打撃陣では、近藤健介を筆頭に、大田泰示と西川遥輝が打撃10傑に入り、渡辺諒と中田翔が規定打席に達した。今年は田中賢介のあと、レギュラー不在だった二塁手に渡辺がはまったが、レアードの抜けた三塁と遊撃のレギュラーが固定できなかった。
レアードが抜けた長打力不足の不安は的中。いくら広い札幌ドームが本拠地とはいえ、中田の23本を最多に、10本以上が大田(19本)と渡辺(11本)しかいないのは大きな課題だ。
盗塁も西川が19個、中島卓也が11個で、マークするのはこの2人だけでは、相手バッテリーにプレッシャーをかけられるはずもない。ソツのない攻撃がウリのチームが、機動力まで失ってしまえば上位進出は難しい。
【日本ハムの5年後の主力選手】
投 手…秋吉 亮・浦野慎司・有原航平・玉井大翔・杉浦稔大・加藤貴之
吉田輝星
捕 手…宇佐見真吾・清水優心
内野手…中田 翔・杉谷拳士・中島卓也・横尾俊健・石井一成・渡辺 諒
平沼翔太・清宮幸太郎
5年後もレギュラークラスの選手が多く残っている。一塁に中田、二塁に渡辺、外野は左翼・近藤、中堅・西川、右翼・大田と万全だ。さらに清水や平沼のレギュラー候補が控え、何より清宮の成長が大きな楽しみだ。
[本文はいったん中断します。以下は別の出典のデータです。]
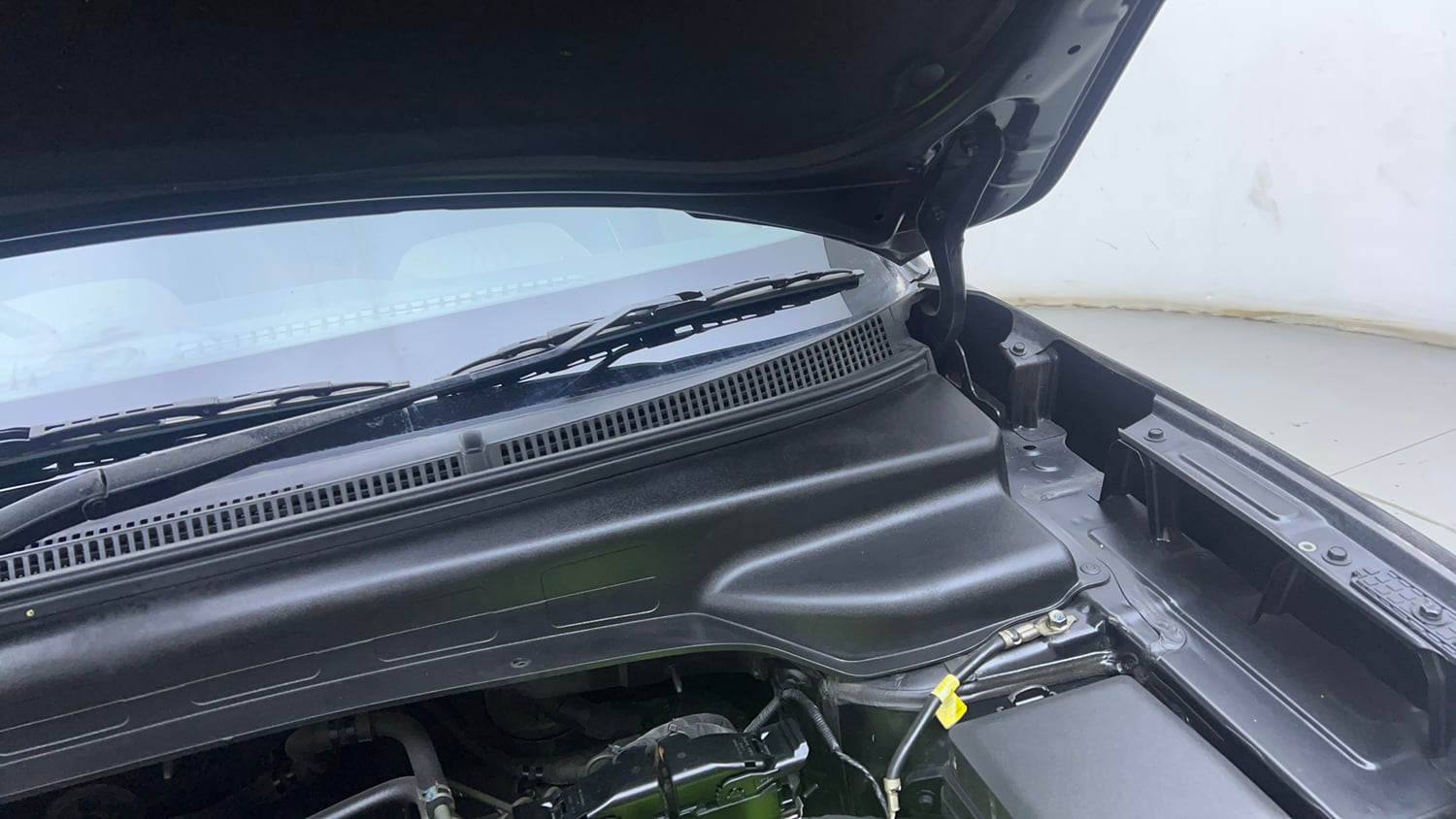 Used 2020 Hyundai Creta SX (O) 1.5 Petrol IVT Petrol Automatic engine ENGINE LEFT SIDE HINGE & APRON VIEW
ただレギュラー以外は、なかなか「候補」から抜け切れておらず、ハイレベルな競争がなければ、レギュラーと控えの差が益々広がり、戦力の底上げにはならない。
投手陣は有原と上沢のWエースに、先発で堀や吉田輝と左右のエース候補が控える。中継ぎ・抑えは、既に実績を残しており、リーグ屈指のリリーフ陣を維持できそうだ。
●年齢バランスは問題ないが、長打力よりも機動力が不足…
さすが育成のチームだけあって、年齢バランスは問題ない。しいて言えば、投手では22歳が空白で、野手では右打ちの外野手が少ない。
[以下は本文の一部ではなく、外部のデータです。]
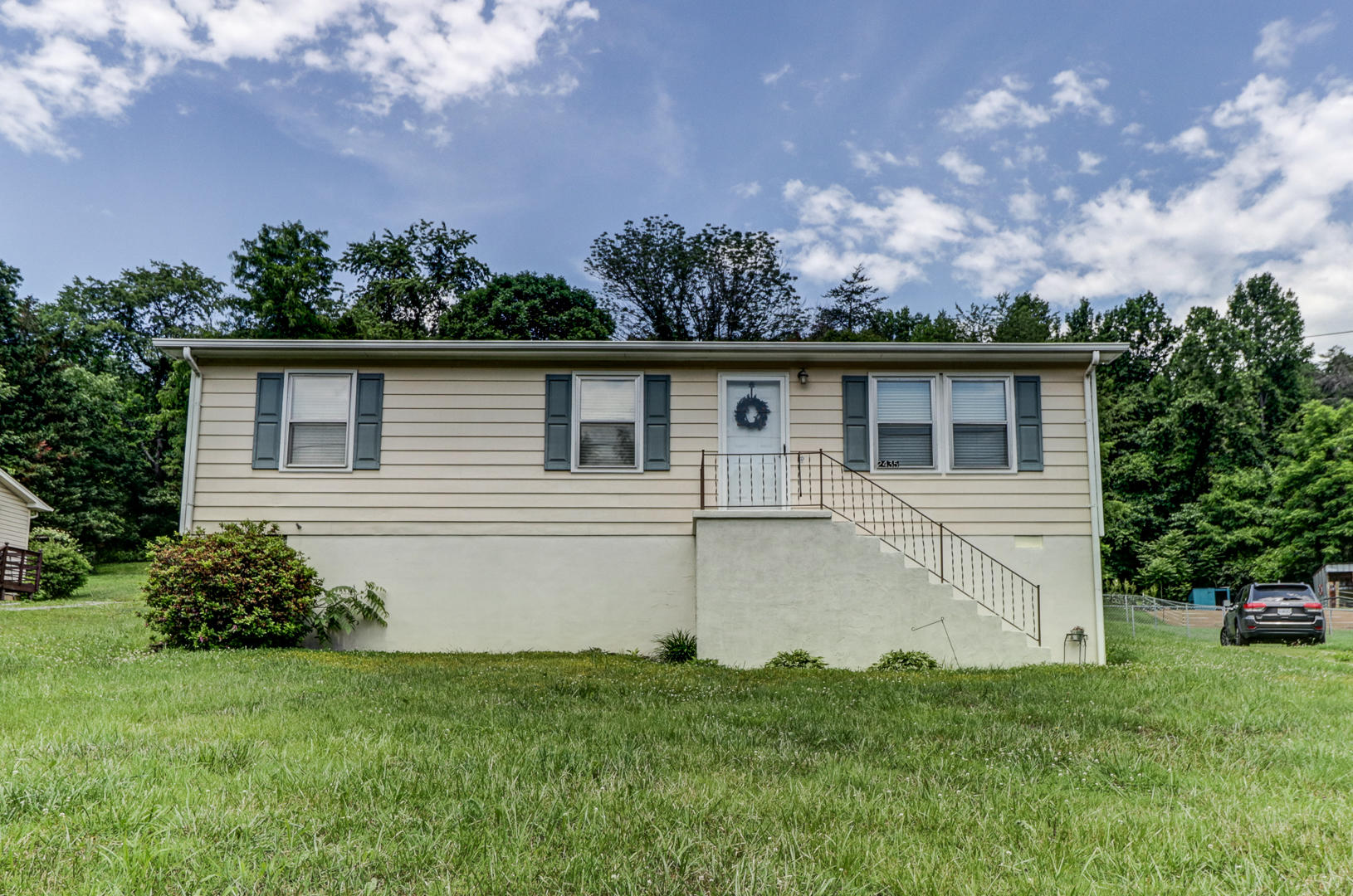 2435 Springwood Road Fincastle, VA 24090 - Photo 1 of 13 IMG_4430_1_2_3_4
今年は長打力不足が露呈したが、清宮を筆頭に万波中正や野村佑希、今井順之介など若いスラッガー候補が並ぶ。反面、走れる選手が少なく、機動力不足が課題になる。
投手は23歳と25歳に各4名、27歳に5名と固まっているが、それぞれの年代で左右のバランスが取れており問題ない。
年齢バランスが良いので、今年もその年の一番良い選手を1位指名し、補強が必要な箇所に即戦力を宛がい、育成で高校生選手を、投手・野手合わせ2~3名獲得するドラフトが可能だ。
【日本ハムの補強ポイント】
投 手…将来のエース候補と先発と中継ぎの左腕投手
捕 手…社会人の即戦力捕手
内野手…三塁のレギュラー候補と二遊間のバックアップ
外野手…右打ちまたは俊足外野手
日本ハムの1位指名は、その年のナンバーワン選手を指名する方針で、他チームがどうだろと1位指名がブレることはない。今年は早々と佐々木朗希(大船渡高・投手)指名を公言している。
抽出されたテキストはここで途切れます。